Look through the data below and output, unchanged, every line from the one holding "Six Piece Spool" through the one holding "Lesbische Verlobung Herzlichen", inclusive. Skip the pictures.

----- Data excerpts

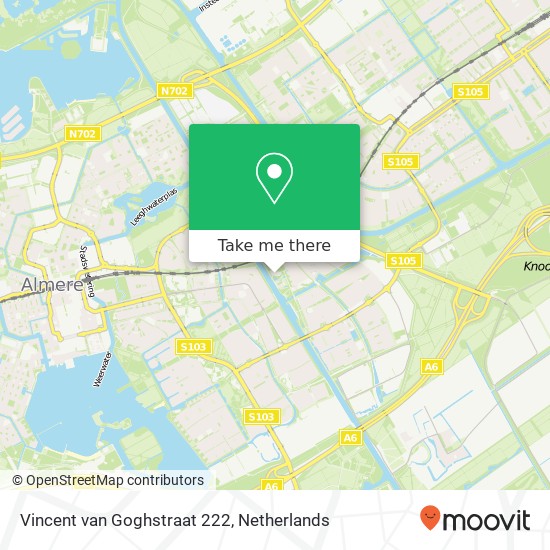 Vincent van Goghstraat 222, 1328 AD Almere-Stad Karte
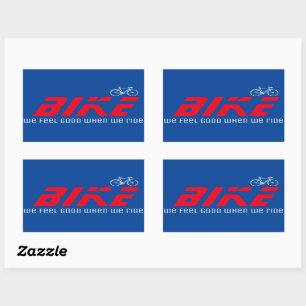Feel good when we ride / bike / biking red/blue rectangular sticker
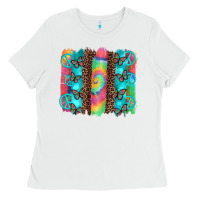 White hippie peace sign butterfly leopard and tie dye brushstroke Ladies Tee - Artiststas
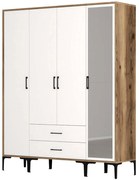 Ντουλάπα Τετράφυλλη Kumsal 845HCT5495 160x47,5x201,4cm Walnut-White Τετράφυλλη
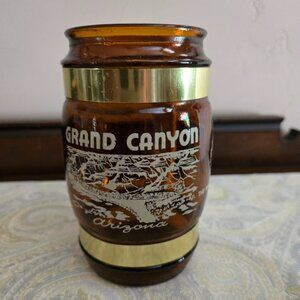 Vintage Siesta Ware amber glass barrel mug with a Grand Canyon, Arizona design.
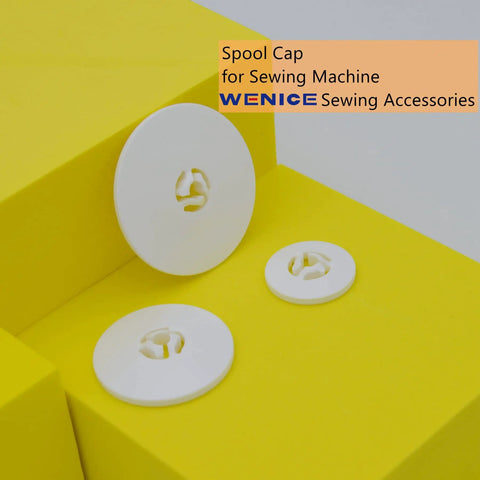 Six Piece Spool Cap Replacement Set For Sewing Machines And Overlocks Includes 25mm 35mm And 45mm Caps Fits Most Machines Easy Install Spool Pin Covers For Fast Fixes And Smooth Stitching, white plastic spool caps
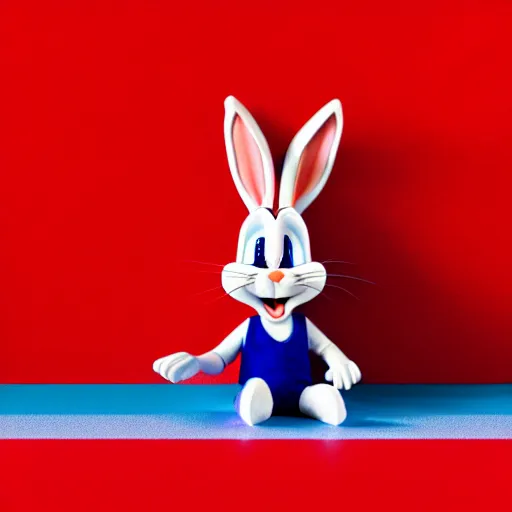 Image similar to photo of a bugs bunny toy sitting infront of a red wall with blue stripes ultra realistic, lens flare, atmosphere, glow, detailed, intricate, full of colour, cinematic lighting, trending on artstation, 4 k, hyperrealistic, focused, extreme details, unreal engine 5, cinematic, masterpiece, ultra realistic, hyper realistic, highly detailed, sharp focus, digital art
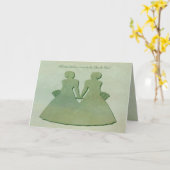 Lesbische Verlobung Herzlichen Glückwunsch - Minze Karte (Gelbe Blume)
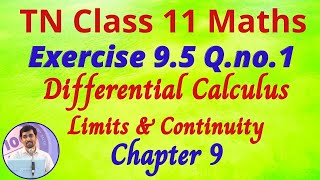 Class 11 Maths  Exercise 95 QNo1  Limits and Continuity  Alexmaths Tamil Nadu New Syllabus [upl. by Yakcm]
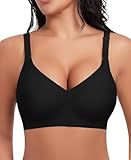 Ganado Damen BH Ohne Bügel Nahtloser BH Tiefem V-Ausschnitt Bralette Push Up BH Soft Bequem BH Bügellos Bustier (Schwarz, L)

----------

▶ [Solution for this problem]:
 Six Piece Spool Cap Replacement Set For Sewing Machines And Overlocks Includes 25mm 35mm And 45mm Caps Fits Most Machines Easy Install Spool Pin Covers For Fast Fixes And Smooth Stitching, white plastic spool caps
 Image similar to photo of a bugs bunny toy sitting infront of a red wall with blue stripes ultra realistic, lens flare, atmosphere, glow, detailed, intricate, full of colour, cinematic lighting, trending on artstation, 4 k, hyperrealistic, focused, extreme details, unreal engine 5, cinematic, masterpiece, ultra realistic, hyper realistic, highly detailed, sharp focus, digital art
 Lesbische Verlobung Herzlichen Glückwunsch - Minze Karte (Gelbe Blume)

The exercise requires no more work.